Proteases

BI-1942 is a potent chymase inhibitor with an IC50 of 0.4 nM for human chymase. This chemical probe is primarily utilized in research related to ophthalmic diseases, enabling the exploration of chymase's role in ocular pathologies. Its selective inhibition provides a valuable tool for investigating the therapeutic potential in conditions where chymase is implicated.

RID-F (Ridaifen-F) is a nonpeptidic proteasome inhibitor that targets the human 20S proteasome. It demonstrates significant inhibitory activity with IC50 values of 0.64 µM for caspase-like (CT-L), 0.34 µM for trypsin-like (T-L), and 0.43 µM for post-glutamyl (PGPH) activities. RID-F is utilized in research focused on cellular degradation pathways, cancer biology, and therapeutic approaches targeting proteasome dysfunction.

Chymase-IN-2 is a potent proteasome inhibitor that selectively modulates chymase activity. It exhibits significant efficacy in addressing inflammatory responses and disorders associated with serine protease activity. This compound is valuable for research aimed at understanding protease-mediated pathways and their implications in various diseases.

Neurodegenerative Disorder-Targeting Compound 1 is a proteasome inhibitor that selectively targets calpain activity. This compound is designed to modulate cellular protein turnover, making it a valuable tool for studying the mechanisms of neurodegeneration. Its application spans various research areas, including the investigation of proteolytic pathways in neurodegenerative disorders and the exploration of therapeutic interventions aimed at enhancing neuronal survival.

Ru(acac)3 (Tris(acetylacetonato)ruthenium(III)) acts as a caspase-3 activator and apoptosis inducer. This compound demonstrates growth inhibitory effects on various cell lines in vitro, primarily by inhibiting DNA/RNA synthesis and inducing a mild, reversible S-phase cell cycle arrest. Ru(acac)3 is utilized in research focused on ovarian cancer, osteosarcoma, cervical cancer, melanoma, and other oncological studies.
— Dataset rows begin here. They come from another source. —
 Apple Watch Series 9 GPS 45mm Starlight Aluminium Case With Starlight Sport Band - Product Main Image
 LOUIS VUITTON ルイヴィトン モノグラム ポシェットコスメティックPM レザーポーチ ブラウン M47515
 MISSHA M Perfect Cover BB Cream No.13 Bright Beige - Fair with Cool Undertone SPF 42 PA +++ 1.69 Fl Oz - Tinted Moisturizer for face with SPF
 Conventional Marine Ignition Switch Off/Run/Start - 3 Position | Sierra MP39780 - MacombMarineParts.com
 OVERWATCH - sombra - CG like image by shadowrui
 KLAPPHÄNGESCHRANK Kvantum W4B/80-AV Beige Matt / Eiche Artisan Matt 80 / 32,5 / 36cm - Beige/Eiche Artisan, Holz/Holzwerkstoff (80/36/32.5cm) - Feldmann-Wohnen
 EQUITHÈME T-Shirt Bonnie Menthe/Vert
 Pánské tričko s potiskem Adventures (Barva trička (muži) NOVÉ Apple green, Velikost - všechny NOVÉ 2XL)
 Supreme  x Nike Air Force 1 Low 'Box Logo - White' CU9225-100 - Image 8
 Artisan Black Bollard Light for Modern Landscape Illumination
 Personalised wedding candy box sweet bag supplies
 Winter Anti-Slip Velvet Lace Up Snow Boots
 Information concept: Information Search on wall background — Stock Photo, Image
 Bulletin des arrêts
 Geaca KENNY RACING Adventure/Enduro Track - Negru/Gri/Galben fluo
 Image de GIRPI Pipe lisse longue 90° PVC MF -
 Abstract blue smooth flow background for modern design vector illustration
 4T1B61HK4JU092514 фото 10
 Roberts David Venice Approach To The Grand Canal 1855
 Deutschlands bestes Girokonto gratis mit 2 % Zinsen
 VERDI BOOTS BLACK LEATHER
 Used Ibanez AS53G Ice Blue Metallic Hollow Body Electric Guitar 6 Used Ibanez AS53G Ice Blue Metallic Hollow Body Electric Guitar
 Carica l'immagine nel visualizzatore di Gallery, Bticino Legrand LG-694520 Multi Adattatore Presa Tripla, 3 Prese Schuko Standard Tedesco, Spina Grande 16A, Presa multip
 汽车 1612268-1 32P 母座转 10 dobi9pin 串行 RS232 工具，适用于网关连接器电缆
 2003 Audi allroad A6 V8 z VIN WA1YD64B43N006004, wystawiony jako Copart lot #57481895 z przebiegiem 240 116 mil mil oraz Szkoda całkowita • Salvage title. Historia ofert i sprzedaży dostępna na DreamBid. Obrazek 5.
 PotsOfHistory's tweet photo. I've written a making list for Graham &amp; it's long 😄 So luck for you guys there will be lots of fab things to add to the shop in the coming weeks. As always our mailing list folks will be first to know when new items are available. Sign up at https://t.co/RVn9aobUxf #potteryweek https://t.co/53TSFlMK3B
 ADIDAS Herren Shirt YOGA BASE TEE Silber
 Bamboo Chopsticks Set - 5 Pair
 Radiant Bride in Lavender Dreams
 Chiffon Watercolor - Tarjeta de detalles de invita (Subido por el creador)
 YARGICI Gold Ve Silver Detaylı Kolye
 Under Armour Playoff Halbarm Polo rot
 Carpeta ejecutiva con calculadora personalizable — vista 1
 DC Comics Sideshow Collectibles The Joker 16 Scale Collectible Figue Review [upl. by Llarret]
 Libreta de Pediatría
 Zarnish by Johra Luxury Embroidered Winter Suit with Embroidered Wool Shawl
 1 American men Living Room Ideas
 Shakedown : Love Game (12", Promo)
β-Ala-Gly-Arg-pNA is a chromogenic substrate specifically designed for thrombin activity assays. It releases para-nitroaniline (pNA) upon cleavage, generating a measurable absorbance peak at 405 nm. This substrate is valuable in studies of thrombin activity and inhibition, enabling researchers to assess coagulation mechanisms and related pathological conditions accurately.

Apigenin-7-glucuronide is a potent inhibitor of Matrix Metalloproteinases (MMP), demonstrating IC50 values of 12.87 µM for MMP-3, 22.39 µM for MMP-8, 17.52 µM for MMP-9, and 0.27 µM for MMP-13. This compound's ability to modulate MMP activity makes it valuable for investigations into extracellular matrix regulation, tissue remodeling, and various inflammatory conditions. Researchers may utilize Apigenin-7-glucuronide in studies aiming to explore therapeutic interventions in diseases associated with MMP dysregulation.

Luteolin 7-O-glucuronide is a potent inhibitor of Matrix Metalloproteinases (MMPs), demonstrating IC50 values of 17.63 μM for MMP-1, 7.99 μM for MMP-3, 11.42 μM for MMP-8, 12.85 μM for MMP-9, and 0.03 μM for MMP-13. This compound is valuable for research investigating the regulation of MMP activity, which plays a critical role in extracellular matrix remodeling and various pathological conditions. It is suitable for applications in studies related to cancer metastasis, tissue repair, and inflammatory disorders.

Argatroban monohydrate is a direct and selective inhibitor of thrombin. It plays a critical role in anticoagulation therapy, particularly for patients with heparin-induced thrombocytopenia. Argatroban is widely used in research to study coagulation pathways and evaluate potential therapeutic approaches for thrombotic disorders.

α-Arbutin (4-Hydroxyphenyl α-D-glucopyranoside) is a potent tyrosinase inhibitor known for its ability to reduce melanin production, making it a valuable agent in skin lightening applications. This compound is of significant interest in research surrounding hyperpigmentation disorders, various cancer types, central nervous system disorders, osteoporosis, and diabetes, offering potential therapeutic insights into these conditions. Its mechanism of action provides a basis for exploring innovative treatments and understanding skin-related pathologies.

Methyl cinnamate (Methyl 3-phenylpropenoate) is an effective tyrosinase inhibitor, primarily utilized to prevent enzymatic browning in food products. In addition to its role in food applications, it demonstrates antimicrobial properties and exhibits antiadipogenic effects, partly mediated by the CaMKK2-AMPK signaling pathway. This compound is valuable for researchers exploring therapeutic strategies in skin pigmentation disorders and metabolic regulation.